Class constructor. Takes an int x as input (default is zero) and returns a big_int with the value of x.

operator int() const;

Returns an int with the value of the big_int if it lies between the value bounds of an int.

All the following operators must perform the same operation they do in a standard C++ int, which can be found on https://www.cplusplus.com/doc/tutorial/operators/.

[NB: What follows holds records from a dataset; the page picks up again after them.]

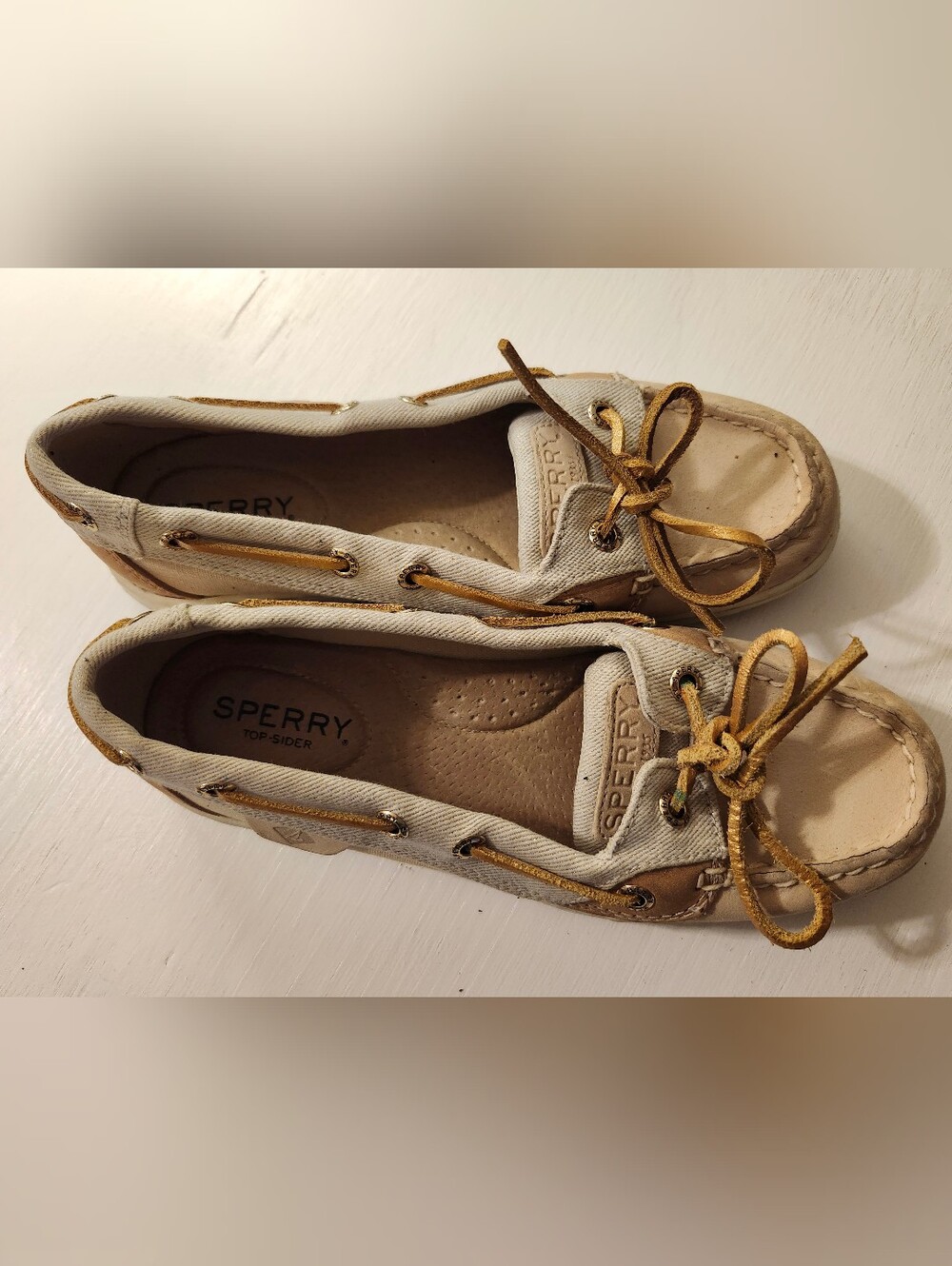 Sperry Women's Boat Shoe in Cream with Gold Laces Size 5
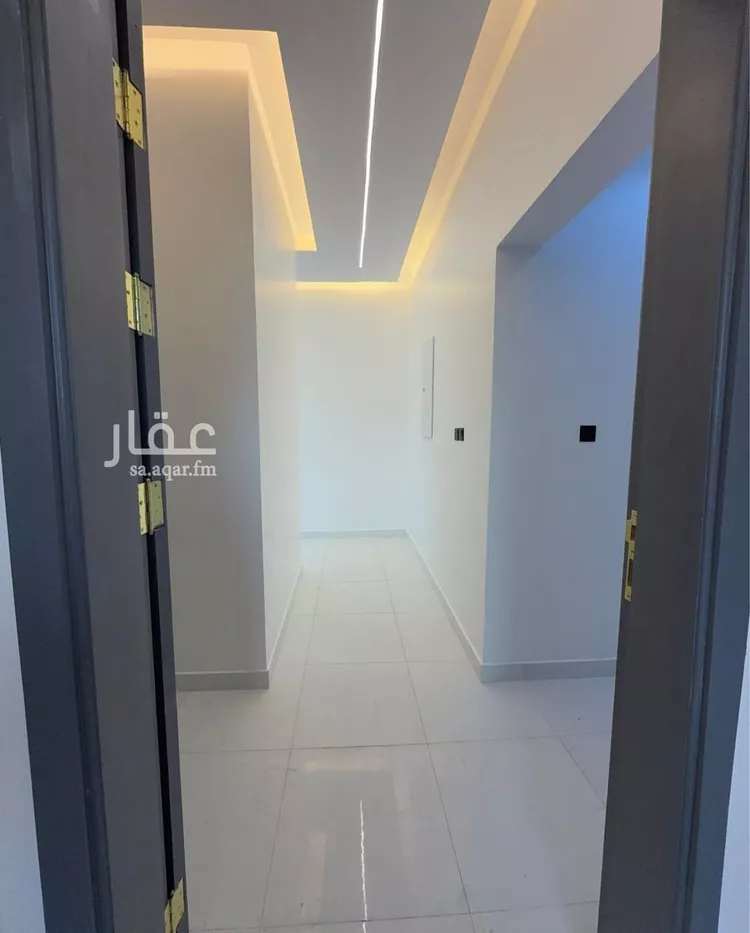 Floor for Sale in Medina Al Matar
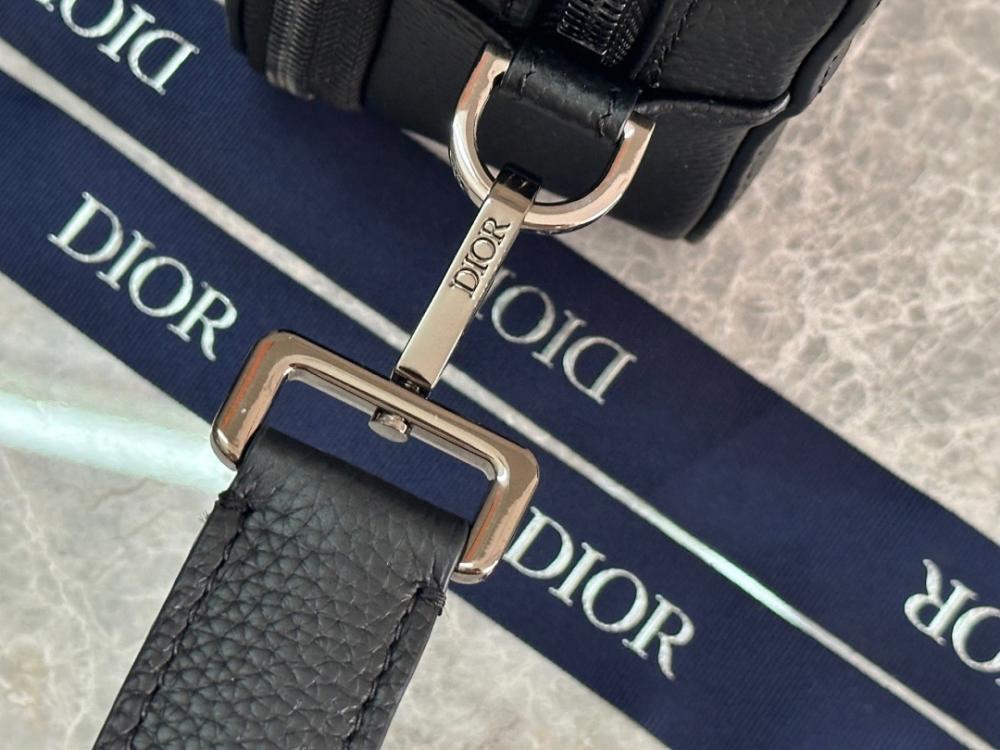 Luxury Elegant Black Quilted Calfskin Shoulder Bag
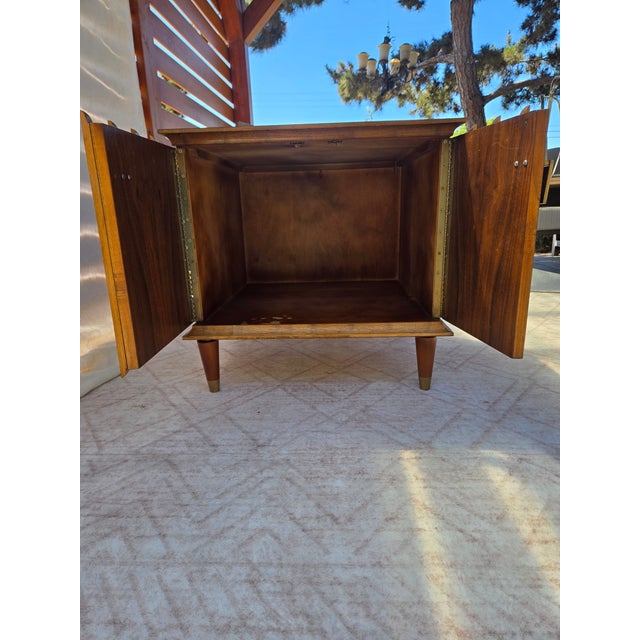 Brown Lane Mid-Century Modern Cabinet With Tapered Legs, Removable. Alta Vista, Virginia, Style 1131-92, Serial 2864250. For Sale - Image 8 of 10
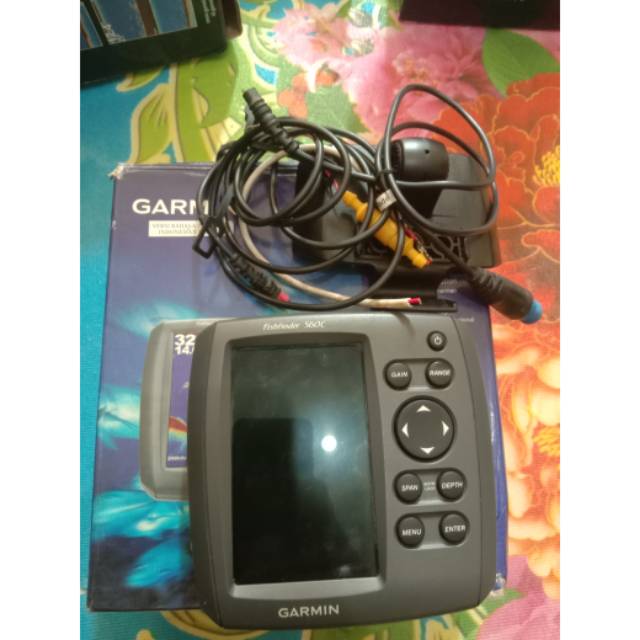 GPS Garmin Fishfinder 560c.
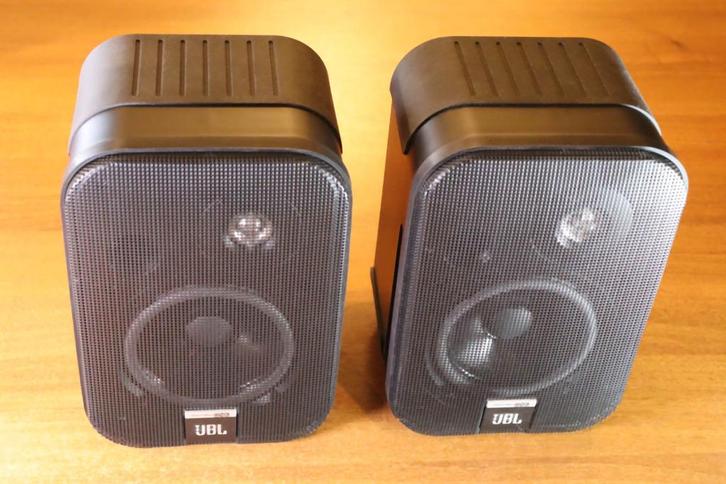 JBL Control ONE, TV, Hi-fi & Vidéo, Enceintes, Comme neuf, Haut-parleurs Frontaux, Arrière ou Stéréo, 60 à 120 watts, JBL, Enlèvement ou Envoi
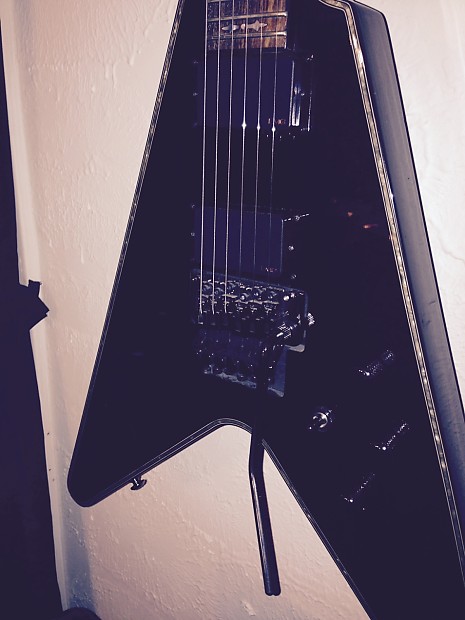 Schecter Hellraiser V-1 FR Black | Reverb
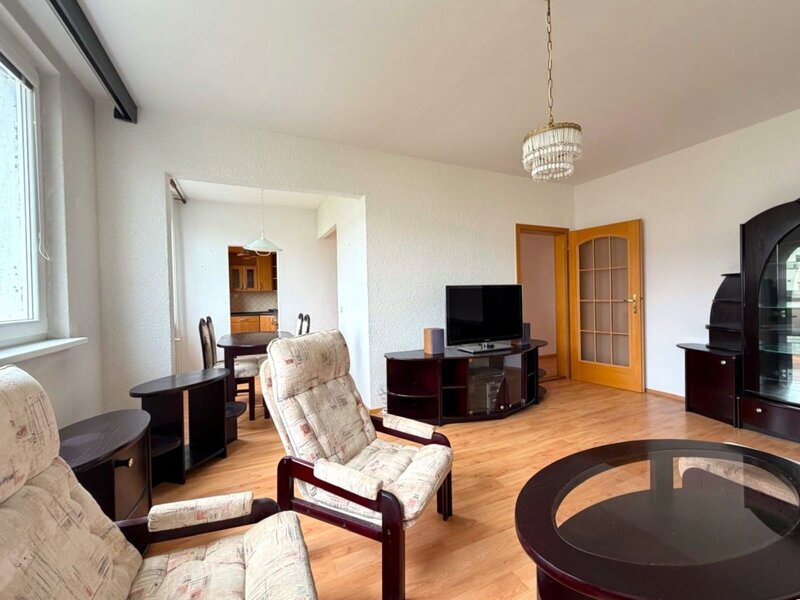 Prodej prostorného bytu 4+1 s lodžií a sklepem ve vyhledávané lokalitě Zlín – Podlesí III.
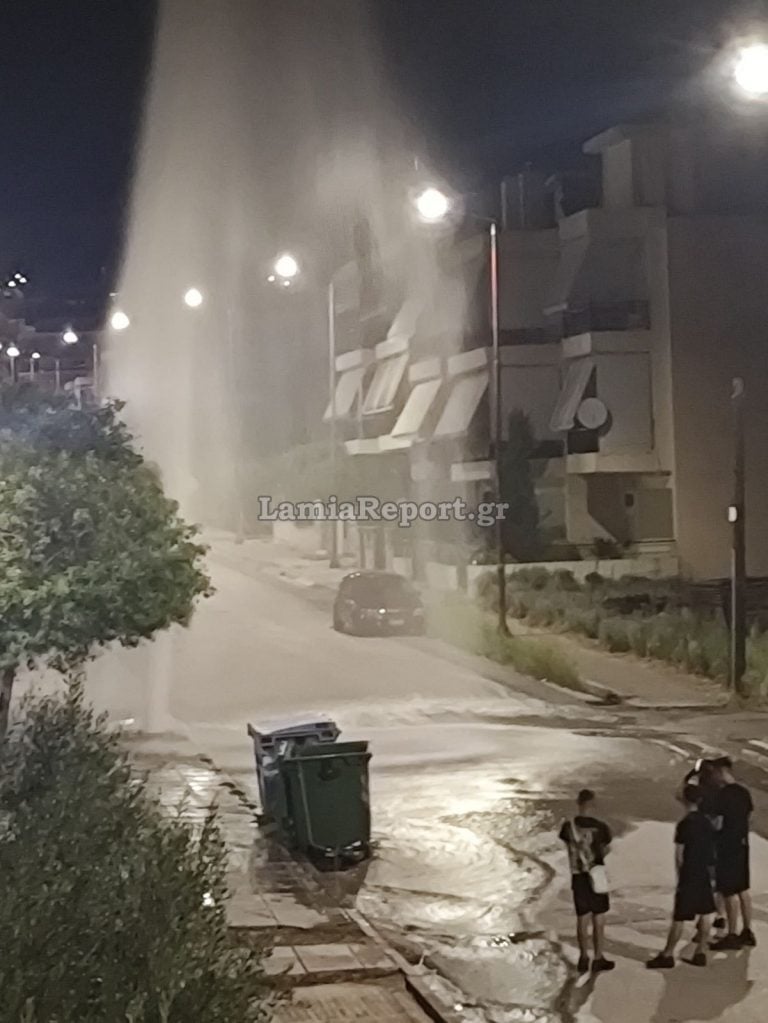 Λαμία: Βαν γκρέμισε πυροσβεστικό κρουνό και προκάλεσε σιντριβάνι 8 μέτρων 7 Λαμία: Βαν γκρέμισε πυροσβεστικό κρουνό και προκάλεσε σιντριβάνι 8 μέτρων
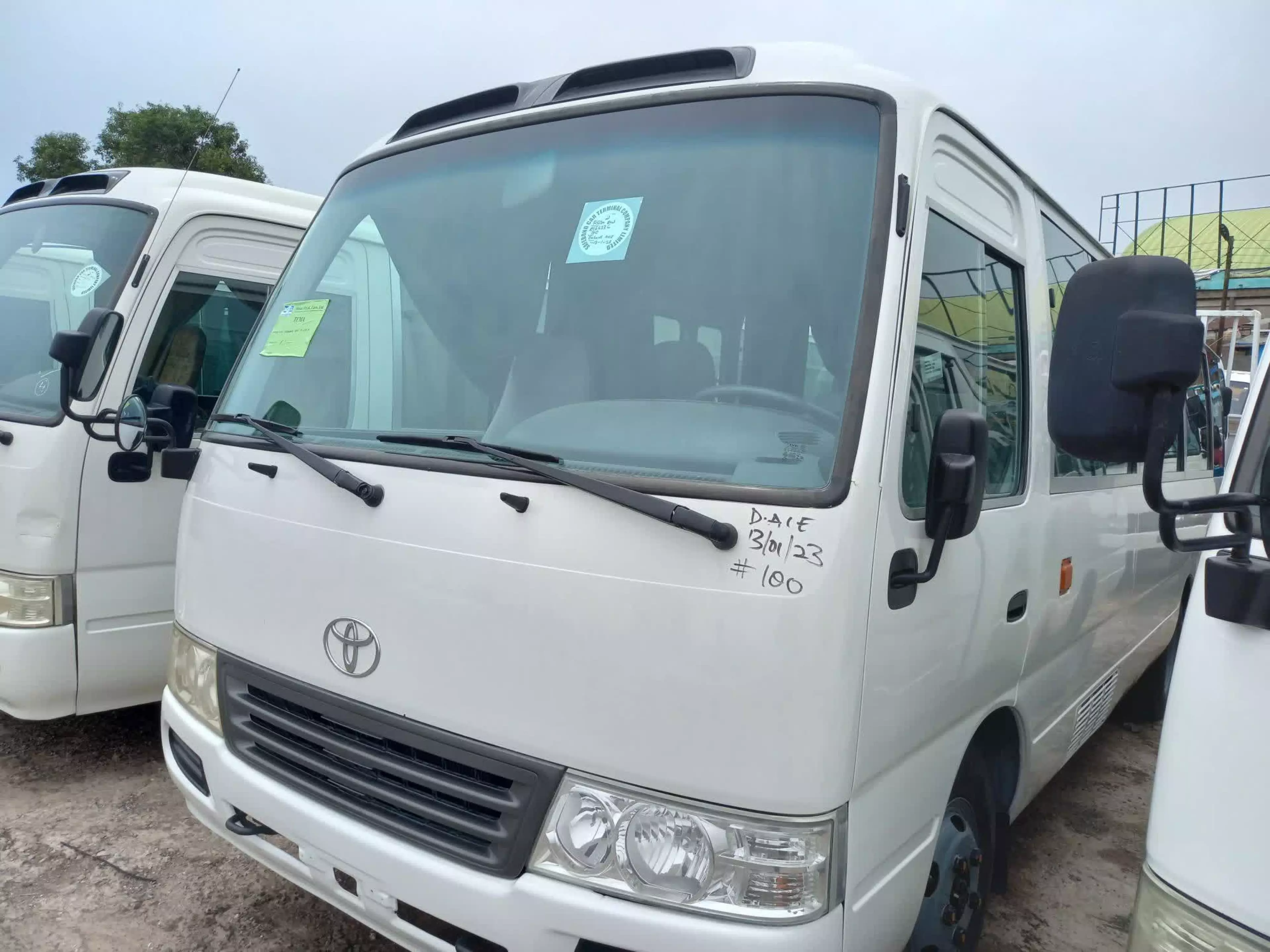 Toyota Coaster - 2010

big_int operator~() const;

bool operator<(const big_int x) const;

bool operator>(const big_int x) const;

bool operator==(const big_int x) const;

bool operator!=(const big_int x) const;

big_int operator<<(const int x) const;

big_int operator>>(const int x) const;

big_int operator|(const big_int x) const;

big_int operator&(const big_int x) const;

big_int operator^(const big_int x) const;

big_int operator-(const big_int x) const;

big_int operator*(const big_int x) const;

Environment

The environment class is very simple to use and is defined in the file fusiontree.hpp. An instance of an environment is used to inform the fusion tree of some constants of the computational environment, as well as pre-calculate and keep many constants that depend only on the computational environment and that are used by the fusiontree class in its operations. The idea is that a B-Tree should have a single environment instance and pass it to all of its fusion trees. The only public function of environment that the user must use is the constructor, which can be seen below:

environment(int word_size_ = 4000, int element_size_ = 3136, int capacity_ = 5);
  • wordsize_: The maximum size (in bits) of the big_int class, which should be the word size assumed for the computer. Must be greater or equal to (capacity_)^5+(capacity_^4, so that the process of finding the em mask m can be done without extrapolating the number of bits in a word.

  • element_size_: the size (in bits) of the maximum element that can be stored in the fusion tree. Must be a perfect square, which helps implementing the most significant bit operation. Must also be greater or equal to (capacity_)^5, which allows that the approximately sketched version of all the elements stored in the tree fit in a single big_int.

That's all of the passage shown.